# Extracting Vital Statistics from the CIA World Factbook with SQLite
## Executive Summary
In this project, I utilized SQLite to extract demographic and geographic data from the CIA World Factbook. I identified China as the most populous locale tracked by the CIA, and the Pitcairn Islands as the least populous. Malawi had the highest rate of population growth, and Bulgaria had the highest rate of population contraction (both excluding immigration and emigration). Greenland had the lowest population density; Macau, the largest.

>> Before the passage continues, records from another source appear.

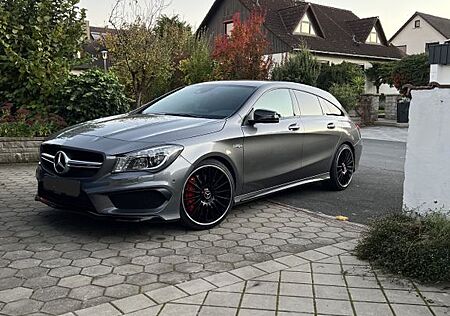 Mercedes-Benz CLA 45 AMG Shooting Brake CLA 45 AMG SPEEDSH...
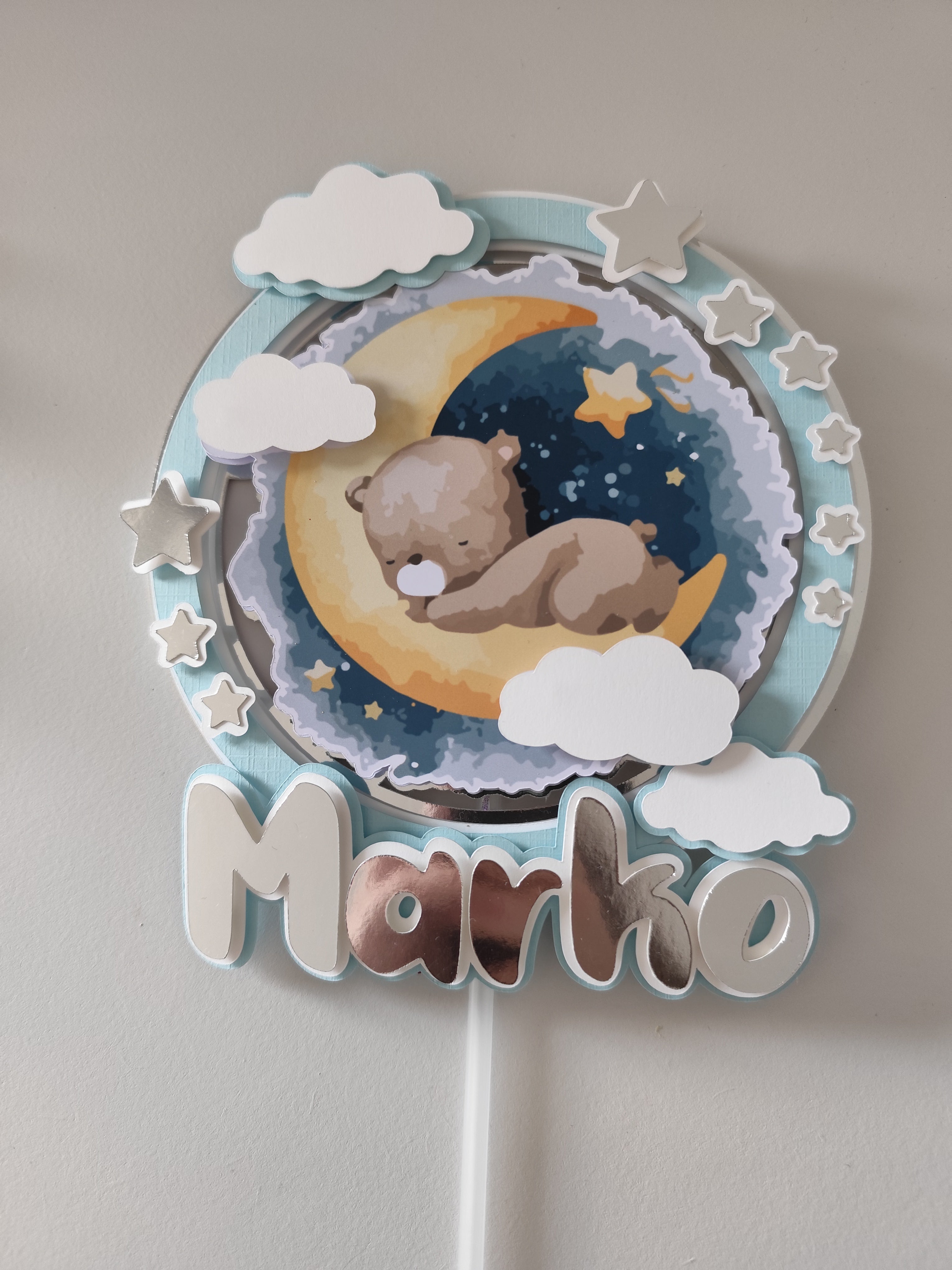 Macko v obláčikoch – 3D zapich na tortu s menom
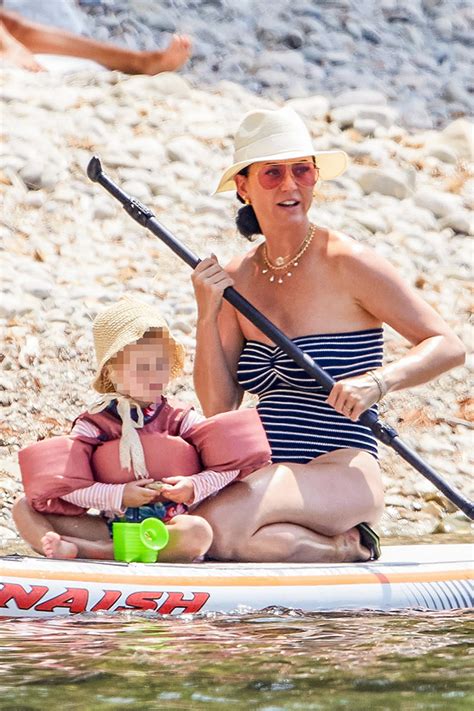 Katy Perry, Daughter Daisy, Orlando Bloom & His Son On Yacht: Photos ...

Finally, Puerto Rico had the largest water-to-land-area ratio.

## Introduction
The **['CIA World Factbook'](https://www.cia.gov/the-world-factbook/)** is a datasource that provides vital statistics of 266 world 'locales'. Locales can be:
* Countries
* Regions
* Oceans
* Unoccupied Islands

In this project, I use SQLite to work with a ***small subset*** of the CIA factbook to identify the maximum and minimum values of:
* Population
* Population Growth
* Population Density
* Land-to-Water Ratio

## Setup Jupyter to use SQLite

In [1]:
%%capture
%load_ext sql
%sql sqlite:///DataSets/CIA_Factbook/factbook.db

In [2]:
%%sql
SELECT *
  FROM sqlite_master
 WHERE type = 'table';

 * sqlite:///DataSets/CIA_Factbook/factbook.db
Done.


type,name,tbl_name,rootpage,sql
table,sqlite_sequence,sqlite_sequence,3,"CREATE TABLE sqlite_sequence(name,seq)"
table,facts,facts,47,"CREATE TABLE ""facts"" (""id"" INTEGER PRIMARY KEY AUTOINCREMENT NOT NULL, ""code"" varchar(255) NOT NULL, ""name"" varchar(255) NOT NULL, ""area"" integer, ""area_land"" integer, ""area_water"" integer, ""population"" integer, ""population_growth"" float, ""birth_rate"" float, ""death_rate"" float, ""migration_rate"" float)"


## Data Format
As mentioned above, I will be working with a small subset of complete CIA World Factbook. Definitions for the columns in the factbook can be found [here](https://www.cia.gov/the-world-factbook/references/definitions-and-notes/).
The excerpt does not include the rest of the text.